Coming home tonight, I saw you in the street...
Someone had hit and killed you...:'(
And there you lay in the dark freezing rain that's upon us tonight...
I can only pray your end was quick... and you didn't suffer little one...
I don't know if you have an owner that will mourn you...
But I will and I don't even know you...
Rest now, no more pain and no more cold...
Your Spirit is now at the Bridge...


----------



## Marcia (Dec 26, 2010)

Tears for the unknown beauty. I had to do this in the spring. I posted a Craigslist ad saying I had found their dead cat and was hoping someone was missing their pet and I could at least give them closure.


----------



## 10cats2dogs (Jun 16, 2013)

This really hit me hard tonight...
after just bringing Snowflake home because she'd been dumped...
And then the thread that was started about white cats today...
And to see this White Cat dead...
Heartbreaking...:'(


----------



## marie5890 (May 18, 2011)

RIP White Beauty.
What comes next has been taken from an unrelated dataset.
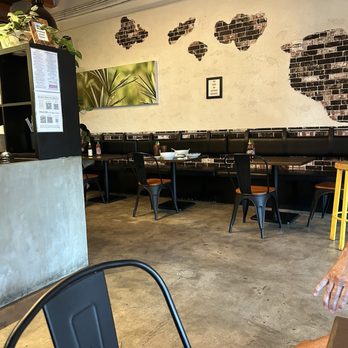Vietnam Deli - Seating - Vietnamese Near Me - Kailua, Hawaii Vietnam Deli - Seating - Vietnamese Near Me - Kailua, Hawaii
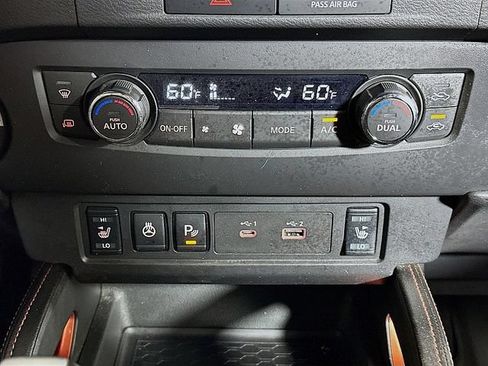 Used 2023 Nissan Frontier PRO-4X w/ Pro Convenience Package AWD/4WD image 17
Hoping too, that there was little if any suffering.


----------



## NOLAKitties (May 30, 2013)

RIP little one.


----------



## Tiliqua (Jan 22, 2013)

Oh no - so sad. 

Seeing the title, I was hoping you had found another white cat in need... not one beyond helping. Poor baby. Extra hugs to the white kitties today.


----------



## cat owner again (Dec 14, 2012)

Worse nightmare.


----------